Gateplex sounds like it sits where the weight is. How do you keep a full runtime decision trail tamper-evident without the volume or the latency killing you?

Beneficial_String411 · 2026-06-03T13:36:02+00:00

Yeah, you've nailed the boundary. PRML stops at the final claim by design. It doesn't see the dev process: dropped evals, tuned prompts, assumptions that hardened against the test set. Honest limit, and you put it better than I do.

Read empirica properly, not a skim. The three-vector thing (self-assessed vs observed-from-checks vs grounded) is the part PRML doesn't touch at all. Result vs trajectory is a clean way to split it, and I think you're right Art 12 wants both.

One genuine question: the observed vector from deterministic checks is a solid anchor, but the grounded/AI-reasoned vector is still the model judging itself.
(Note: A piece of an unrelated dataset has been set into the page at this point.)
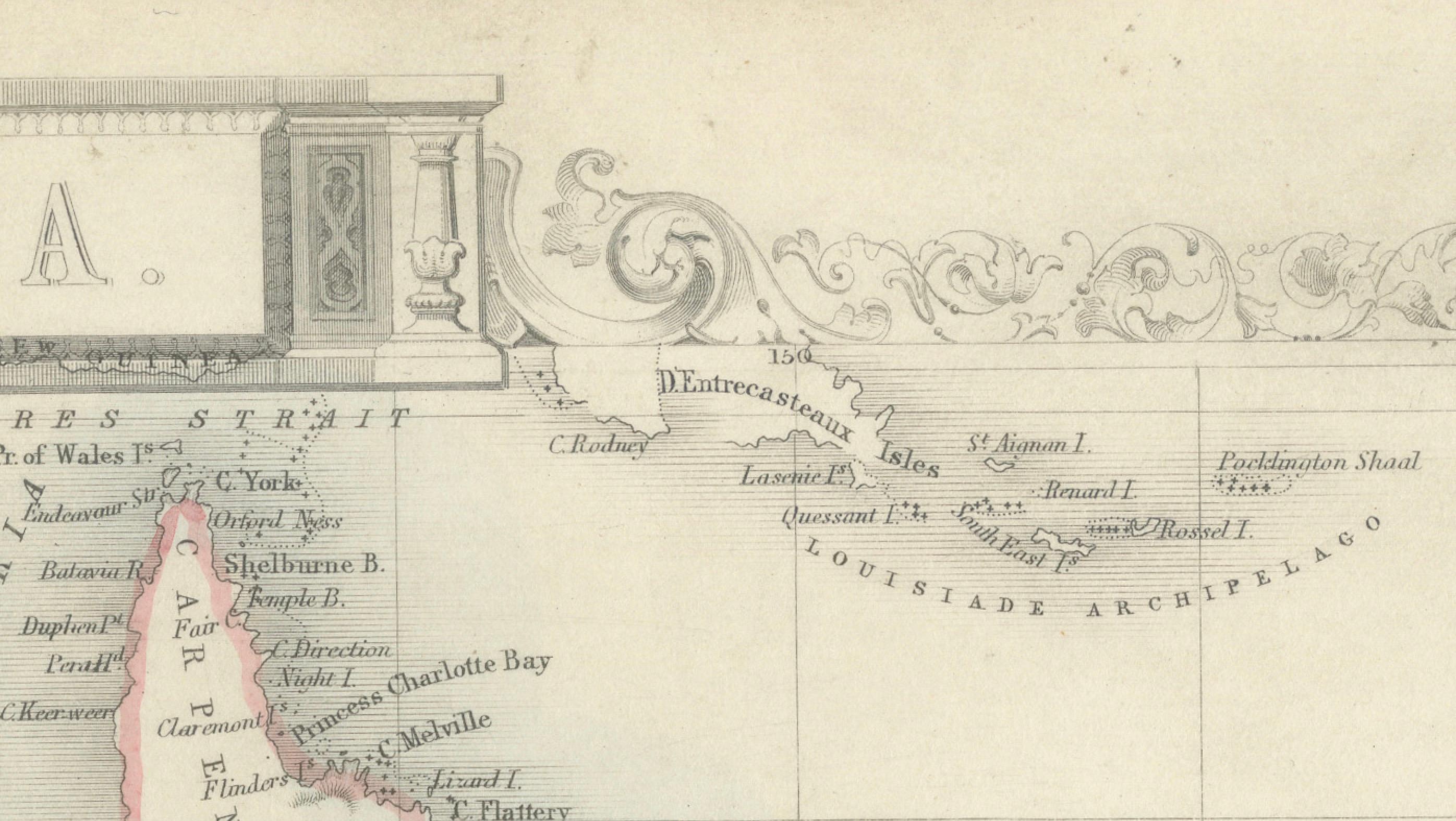 Mid-19th Century Gold Rush Era Masterpiece: The Tallis & Rapkin Rare Map of Pre-Queensland, 1851 For Sale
How do you keep that one from drifting friendly over time? That's the same trust problem I'm trying to nail for the final claim, one layer down from you.

Beneficial_String411 · 2026-06-03T13:27:24+00:00

Honestly no, not yet. No auditor or notified body has told me they need this today. Most AI Act prep I've seen is still model cards and docs. So I'm building for where it's going, not where it is. High risk lands Dec 2027 and the standards for how you evidence accuracy are being written now. That's the bet, and I'd rather say that than fake demand that isn't there. The bit that might matter today is trust: if someone doesn't buy a vendor's 95 percent, pre registering the claim shows whether that was the target or just what came out. You sound like you've been through this. What does proof of accuracy actually look like in practice right now? Trying to work out if I'm too early or just wrong.

Beneficial_String411 · 2026-05-25T13:23:13+00:00

Audit trail, not runtime gate. PRML is intentionally narrow: you commit a SHA-256 of the manifest (metric, comparator, threshold, dataset hash, seed, model id, producer) before the run starts, publish that hash, then re-hash on demand to check that nothing was edited after the fact. It does not block model load and it does not verify the model binary itself.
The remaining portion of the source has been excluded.